━━━ Supplied records ━━━

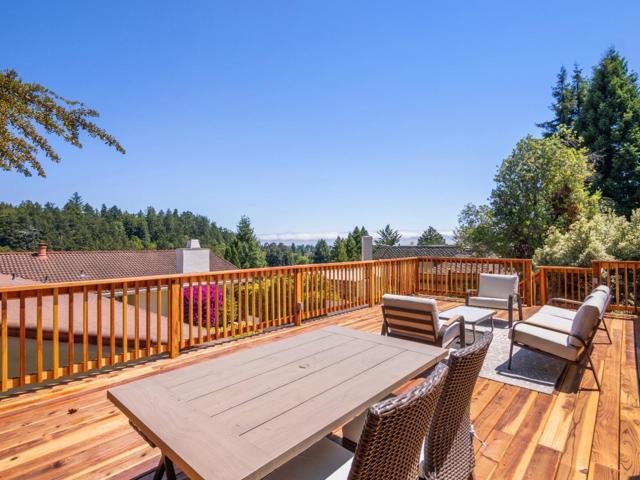 209 Calcita Drive, Santa Cruz CA: https://media.crmls.org/mediaz/beb3fc76-f3f2-4508-baf0-99e4304a2a93.jpg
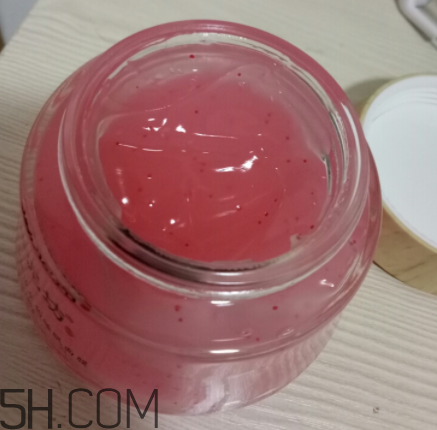 御泥坊紅石榴面膜怎么樣？御泥坊紅石榴面膜好用嗎？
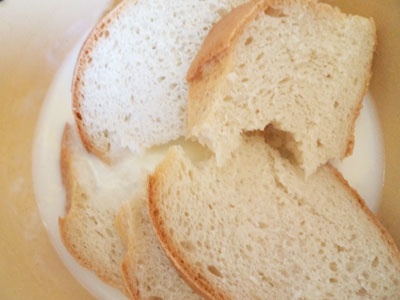 хліб в тарілці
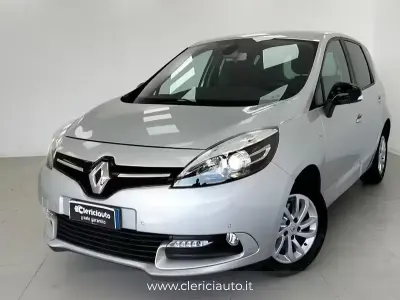 Usata Renault Scénic LIMITED 115 CV (84 kW) 2016 Argento Monovolume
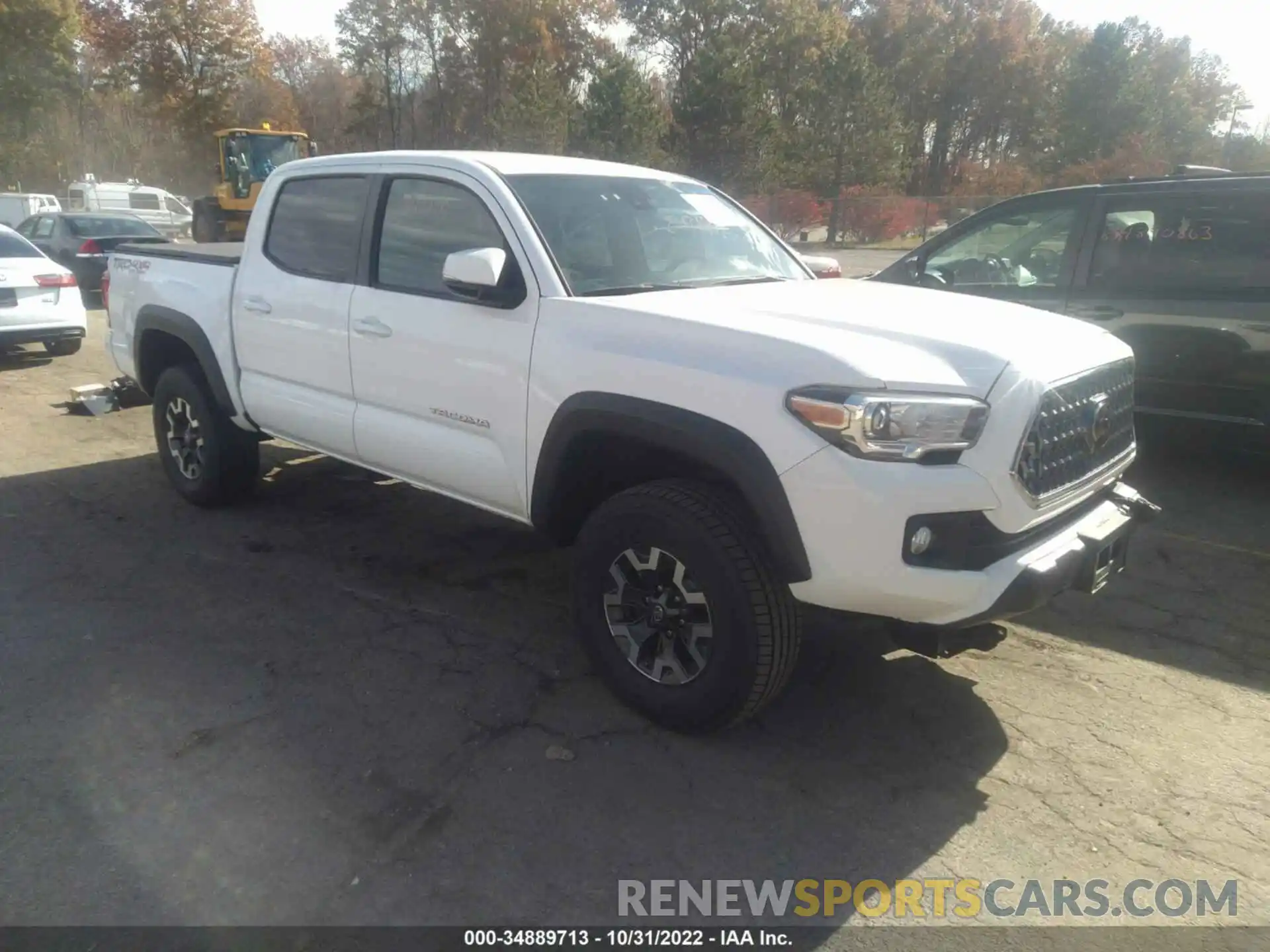 1 Photograph of a damaged car 5TFCZ5AN6KX177947 TOYOTA TACOMA 4WD 2019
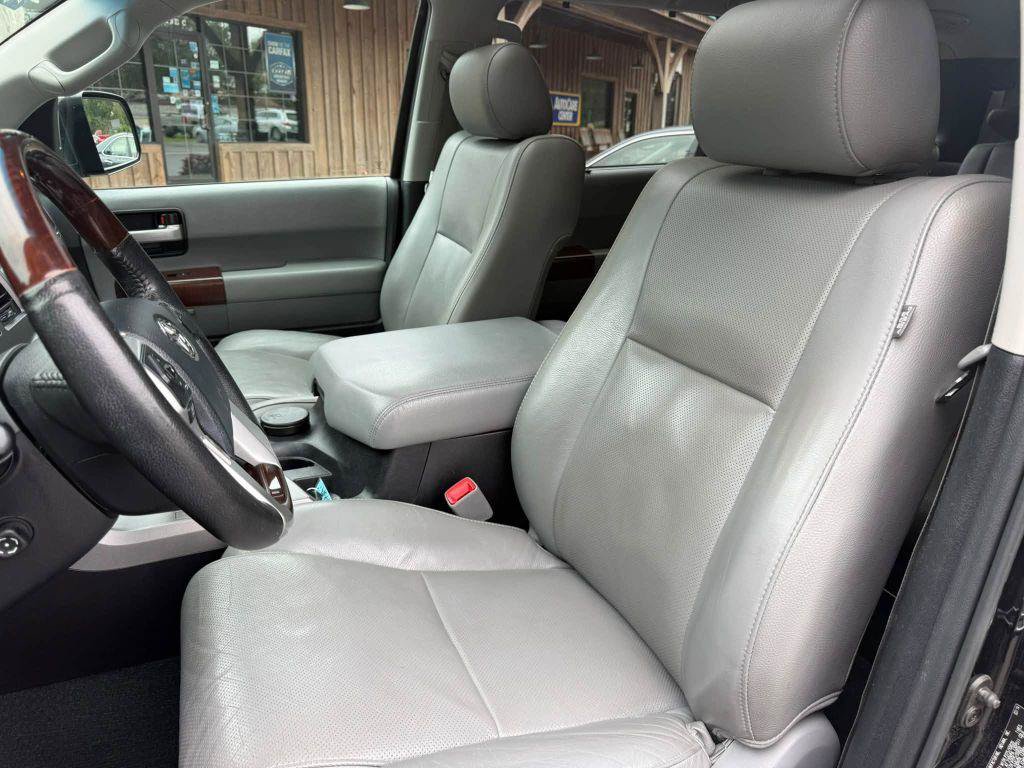 Used 2014 Toyota Sequoia Platinum RWD image 16
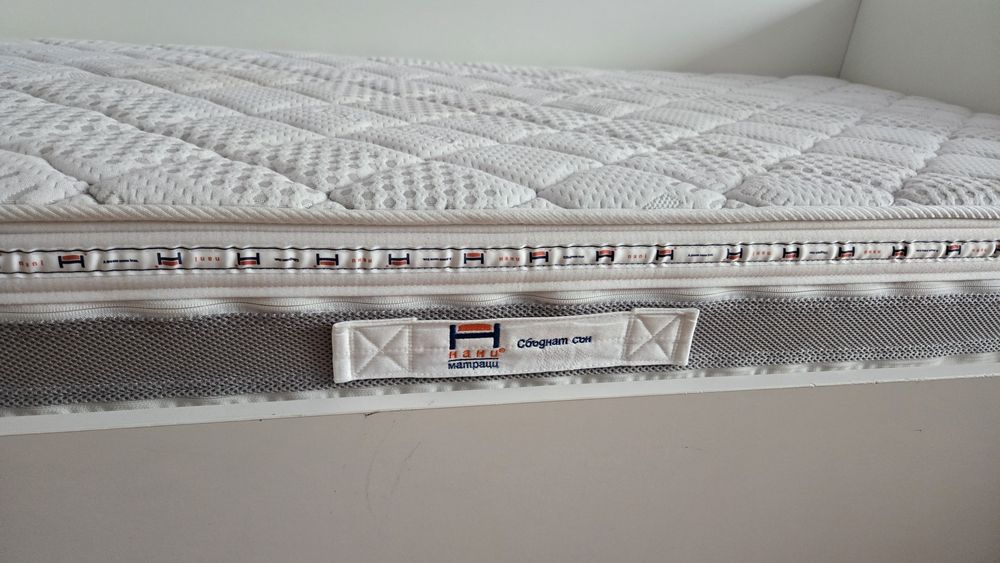 Детско легло с матрак и повдигащ механизъм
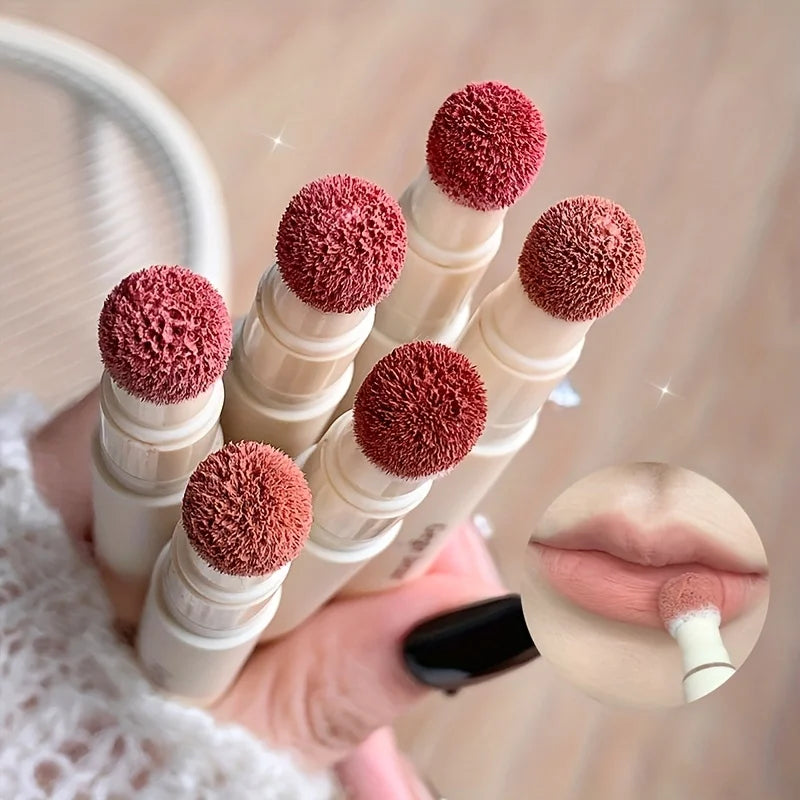 1PCS Velvet Matte Lip Glaze, Durable Cream Lipstick, Fadeless Velvet, Multicolor Makeup (Brown, Peach, Pink, Red) with Sponge Ap HIP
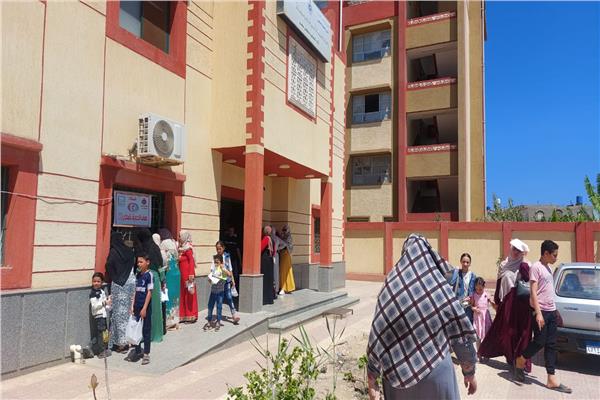 تقديم الخدمة الطبية لـ 1460 مواطنًا وتحويل 3 حالات للمستشفيات في قافلة طبية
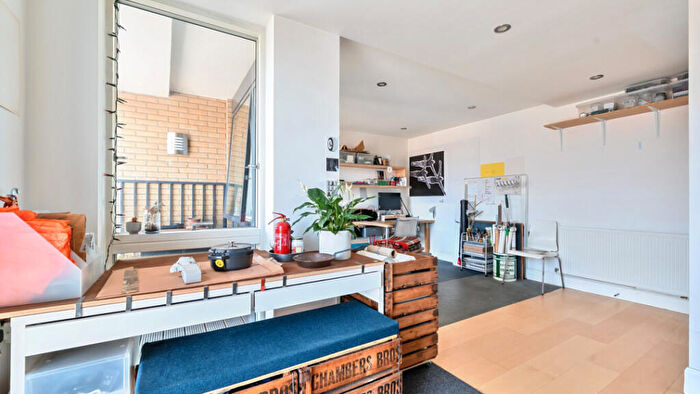 1 Bedroom Flat For Sale In Commercial Wharf, Kingsland Road, Kingsland Wharves, E8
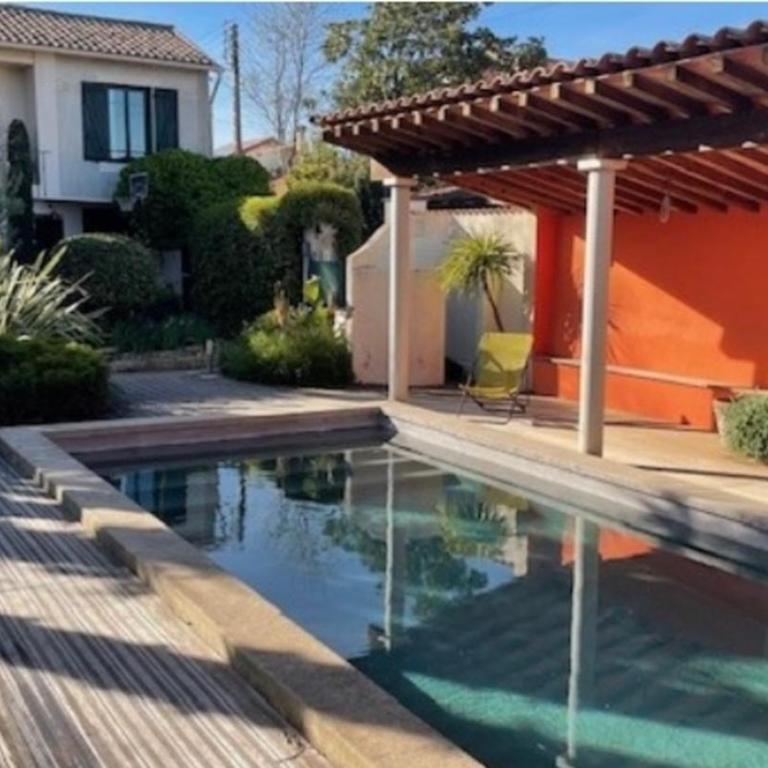 Villa Impressionniste - au coeur de Montpellier, villa 290 m2, jardin tropical, piscine, cuisine extérieure - Villa - 1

━━━

Problem statement
This exercise asks for the data above to be given again exactly, without pictures.

Exercise solution
 209 Calcita Drive, Santa Cruz CA: https://media.crmls.org/mediaz/beb3fc76-f3f2-4508-baf0-99e4304a2a93.jpg
 御泥坊紅石榴面膜怎么樣？御泥坊紅石榴面膜好用嗎？
 хліб в тарілці
 Usata Renault Scénic LIMITED 115 CV (84 kW) 2016 Argento Monovolume
 1 Photograph of a damaged car 5TFCZ5AN6KX177947 TOYOTA TACOMA 4WD 2019
 Used 2014 Toyota Sequoia Platinum RWD image 16
 Детско легло с матрак и повдигащ механизъм
 1PCS Velvet Matte Lip Glaze, Durable Cream Lipstick, Fadeless Velvet, Multicolor Makeup (Brown, Peach, Pink, Red) with Sponge Ap HIP
 تقديم الخدمة الطبية لـ 1460 مواطنًا وتحويل 3 حالات للمستشفيات في قافلة طبية
 1 Bedroom Flat For Sale In Commercial Wharf, Kingsland Road, Kingsland Wharves, E8
 Villa Impressionniste - au coeur de Montpellier, villa 290 m2, jardin tropical, piscine, cuisine extérieure - Villa - 1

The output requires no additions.